Je länger ich darüber nachdenke, desto mehr Sendungen fallen mir ein, die ich nur ungern unter den Tisch fallen lassen möchte, auch „1, 2 oder 3“ mit Michael Schanze und Biggi Lechtermann, die legendäre „Knoff-hoff-Show“ oder Dieter Hallervordens schräge Nervensägen-Serie „Didi – Der Untermieter“ habe ich in guter Erinnerung. Auch Wim Thoelke mochte ich sehr wegen seiner sympathischen Art, auch wenn ich den „großen Preis“ zu behäbig fand. Und nicht ohne Grund sicherte ich mir schon vor elf Jahren die Internetdomain „Telesibirsk.de“, um das ZDF standesgemäß zu würdigen. Denn so nannten die frühen Mitarbeiter ihre ersten provisorischen Bürocontainer in Eschborn, die sie bei Regen nur erreichten, wenn sie durch den Schlamm wateten.

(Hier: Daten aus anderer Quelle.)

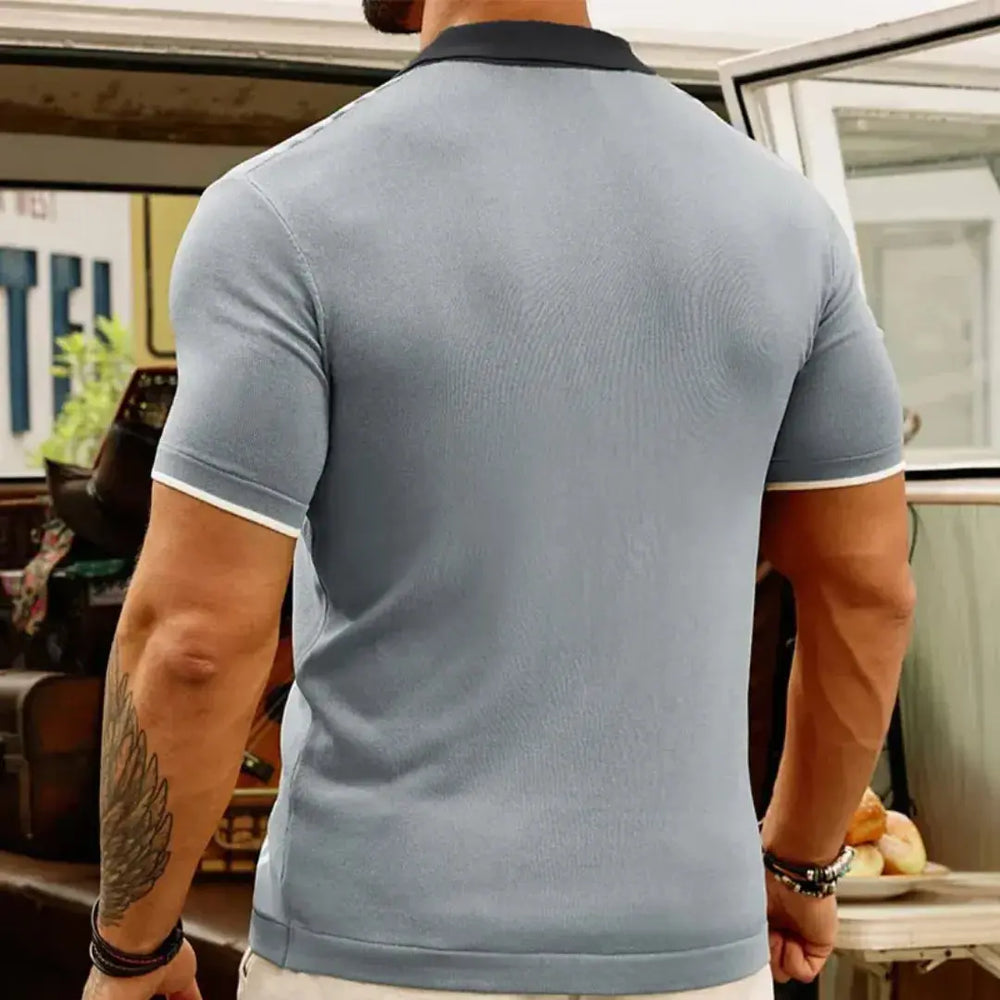 Stylish Urban Striped Casual Shirt for Everyday Wear-MODAUTLET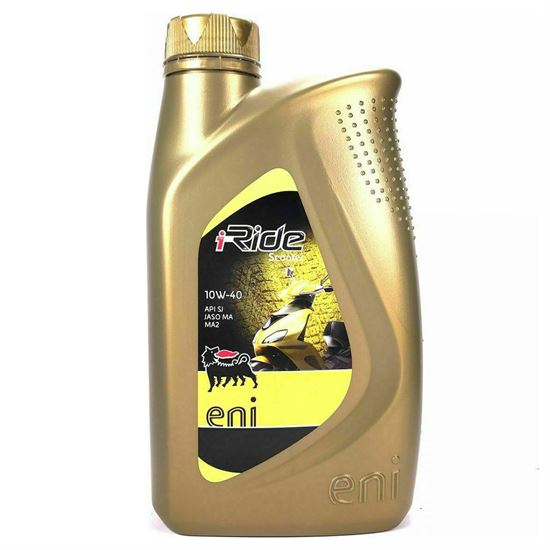 AGIP ENI SCOOTER i-Ride 10w-40MA2 1L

Markus Lanz, der ZDF-Quotengarant am späten Abend ZDF/​Markus Hertrich

Heute ist der Schlamm vergessen und es regiert der „Shiny Floor“. Für hausinterne Skandale ist bei den Öffentlich-Rechtlichen arbeitsteilig offensichtlich die ARD zuständig, und bei den Kollegen aus Mainz stimmen sogar die Einschaltquoten. Für jüngeres Publikum scheint man ein Konzept zu haben, das dank des immensen Erfolgs von Formaten wie „heute-show“ und „ZDF Magazin Royale“ offenbar auch immer mutigere Programmveränderungen zulässt. Ich schalte inzwischen auch sehr gerne beim inhaltlich immer wieder positiv überraschenden „heute journal“ ein, und die Zeiten, in denen man sich als regelmäßiger Zuschauer von „Markus Lanz“ „outen“ musste, sind auch vorbei. Er und seine hervorragende Redaktion bekommen endlich die Ehre, die sie schon viel länger verdienten.

Ich kann mir vorstellen, dass größere inhaltliche und strukturelle Veränderungen auch beim ZDF allein wegen seiner Größe schwierig durchzusetzen sind. Aber die aktuellen Entscheidungsträger scheinen da einen ganz guten Job zu machen, sodass ich für die nächsten 60 Jahre zuversichtlich bin. In diesem Sinne: Prosit, alles Gute und – GUDN AAMD!